Le rapport à la parentalité à Mayotte est, depuis ces dernières années, impactée par l’évolution démographique que connait le département. Pour le président de l’association Espoir et réussite, Mohamed Tony, « plus de 34 % d’immigrés sont des femmes de 15 à 34 ans ». Il ajoute qu’il s’agit de femmes « qui entrent sur le marché matrimonial et qui sont en âge de procréer ». Un deuxième point à prendre en compte dans cette thématique de la parentalité, c’est qu’aujourd’hui les modes de vie changent et l’île « se calque au modèle de vie européenne » selon le président de l’association. 

« Savoir jongler entre deux systèmes éducatifs »

« Être parents à Mayotte est dix fois plus difficile qu’en métropole ! », lance Mohamed Tony. D’après lui, les parents mahorais subissent les conséquences d’un territoire peu développé dans plusieurs domaines notamment économiques avec un taux de chômage élevé, un nombre de naissances grandissant ou encore un taux d’illettrisme important. En effet, à Mayotte, 58 % des habitants en âge de travailler ne maîtrisent pas les compétences de base à l’écrit en langue française. Un avis partagé par Zaïnaba Ahmed Haroussi, directrice territoriale des Ceméa (Centres d’entrainement aux méthodes d’éducation active) de Mayotte, qui ajoute que « l’alphabétisation contribue de façon indéniable à l’autonomisation et au développement socio-culturel, qui permet d’améliorer conditions de vie et de travail ». 

L’une des évolutions majeures dans la parentalité à Mayotte aujourd’hui, c’est de « savoir jongler entre deux systèmes éducatifs, entre le système traditionnel et le système dit républicain », explique Ambouharia Abdou, administratrice à l’Udaf (Union départemental des associations familiales) de Mayotte. En adéquation à cette affirmation, l’accompagnement des parents est l’une des réponses proposées comme solution. « Il y a un besoin de responsabiliser les parents face à cette éducation, car il y en a beaucoup qui se retrouvent démunis face à cette évolution », affirme Enrafati Djihadi, directrice de l’Udaf. En complément, Moissoukari Madi, responsable du secteur action sociale à la CSSM (Caisse de sécurité sociale de Mayotte), est intervenue sur l’importance d’un accompagnement à « la professionnalisation des différents partenaires », qui pour le moment engendre « un gros turn-over » et « empêche nos structures d’êtres pérennes pour réalisation l’accompagnement envers les familles ». L’enjeu majeur étant de réussir à coordonner les acteurs intervenant sur le champ de la parentalité. 

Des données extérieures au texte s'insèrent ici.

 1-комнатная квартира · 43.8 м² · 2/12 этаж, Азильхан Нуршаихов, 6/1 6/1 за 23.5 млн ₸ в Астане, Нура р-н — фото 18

Aligner les prestations sociales ?

En métropole ou dans les autres territoires ultramarins, des dispositifs administratifs de soutien à la parentalité et de modes de gardes existent. A Mayotte, tous ne sont pas déployés, notamment les crèches – avec un taux de couverture aux alentours de 4%, les périscolaires ou à l’inverse, une forte présence de l’école en rotation. « Le manque de ces dispositifs peut causer des difficultés », note Rémy Posteau, directeur des prestations familiales à la CSSM.  En outre, la question sur l’alignement des prestations sociales entre Mayotte et l’Hexagone est abordée. Pour Philippe Féry, nouveau directeur de la CSSM, Mayotte est un territoire « en développement, en rattrapage ». La mise en place de l’alignement sur les droits sociaux, ne créera pas « d’appel d’air » selon Enrafati Djihadi. Car selon elle, « nous savons qu’il y a des conditions d’éligibilité, mais cela aidera beaucoup de familles tout de même ». 

Au moment de son intervention, le sénateur Thani Mohamed Soilihi a tenu à rappeler l’importance « de répondre à tout le questionnaire en donnant le plus de précisions possibles ». En effet, un formulaire a été fourni à chaque intervenant dans le but de rendre ce rapport le plus complet possible. « On a compris qu’il y avait urgence et vos témoignages sont importants », confie Annick Billon, présidente de la délégation aux droits des femmes, en clôture de l’audition.